As an example, let us analyze the following assembler example on the Haswell architecture:

    vmovaps         ymm1, [rdi+rax] ;L2
    vfmadd231ps     ymm1, ymm2, [rsi+rax] ;L2
    vmovaps         [rdx+rax], ymm1 ; S1
    add             rax, 32         ; ADD
    jne             .L2             ; JMP

We add immediately before the .L2 label the start marker and immediately after jne the end marker.

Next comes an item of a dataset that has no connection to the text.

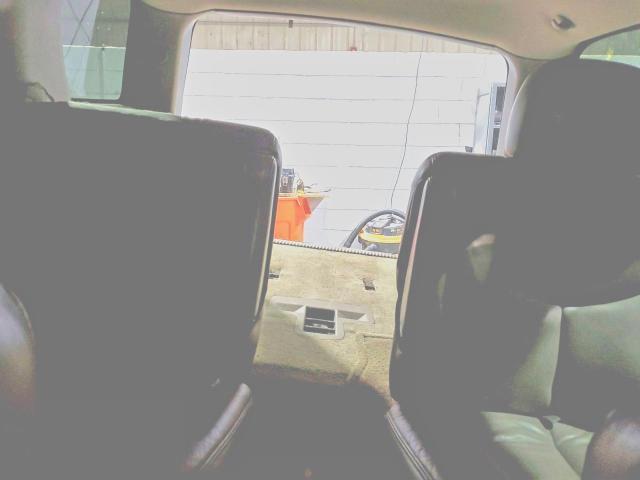 2003 GMC Yukon Denali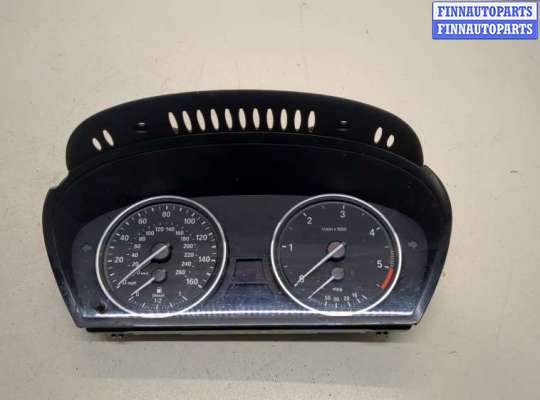 Щиток приборов (приборная панель) BM3387555 на BMW X5 E70 2006-2013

We then rebuild the software, and invoke IACA thus (On Linux, assumes the bin/ directory to be in the path, and foo to be an ELF64 object containing the IACA marks):

iaca.sh -64 -arch HSW -graph insndeps.dot foo

, thus producing an analysis report of the 64-bit binary foo when run on a Haswell processor, and a graph of the instruction dependencies viewable with Graphviz.

The report is printed to standard output (though it may be directed to a file with a -o switch). The report given for the above snippet is:

Intel(R) Architecture Code Analyzer Version - 2.1
Analyzed File - ../../../tests_fma
Binary Format - 64Bit
Architecture  - HSW
Analysis Type - Throughput

Throughput Analysis Report
Block Throughput: 1.55 Cycles       Throughput Bottleneck: FrontEnd, PORT2_AGU, PORT3_AGU

Port Binding In Cycles Per Iteration:
|  Port  |  0   -  DV  |  1   |  2   -  D   |  3   -  D   |  4   |  5   |  6   |  7   |
| Cycles | 0.5    0.0  | 0.5  | 1.5    1.0  | 1.5    1.0  | 1.0  | 0.0  | 1.0  | 0.0  |

N - port number or number of cycles resource conflict caused delay, DV - Divider pipe (on port 0)
D - Data fetch pipe (on ports 2 and 3), CP - on a critical path
F - Macro Fusion with the previous instruction occurred
* - instruction micro-ops not bound to a port
^ - Micro Fusion happened
# - ESP Tracking sync uop was issued
@ - SSE instruction followed an AVX256 instruction, dozens of cycles penalty is expected
! - instruction not supported, was not accounted in Analysis

| Num Of |                    Ports pressure in cycles                     |    |
|  Uops  |  0  - DV  |  1  |  2  -  D  |  3  -  D  |  4  |  5  |  6  |  7  |    |
|   1    |           |     | 1.0   1.0 |           |     |     |     |     | CP | vmovaps ymm1, ymmword ptr [rdi+rax*1]
|   2    | 0.5       | 0.5 |           | 1.0   1.0 |     |     |     |     | CP | vfmadd231ps ymm1, ymm2, ymmword ptr [rsi+rax*1]
|   2    |           |     | 0.5       | 0.5       | 1.0 |     |     |     | CP | vmovaps ymmword ptr [rdx+rax*1], ymm1
|   1    |           |     |           |           |     |     | 1.0 |     |    | add rax, 0x20
|   0F   |           |     |           |           |     |     |     |     |    | jnz 0xffffffffffffffec
Total Num Of Uops: 6

The tool helpfully points out that currently, the bottleneck is the Haswell frontend and Port 2 and 3's AGU. This example allows us to diagnose the problem as the store not being processed by Port 7, and take remedial action.


IACA does not support a certain few instructions, which are ignored in the analysis. It does not support processors older than Nehalem and does not support non-innermost loops in throughput mode (having no ability to guess which branch is taken how often and in what pattern).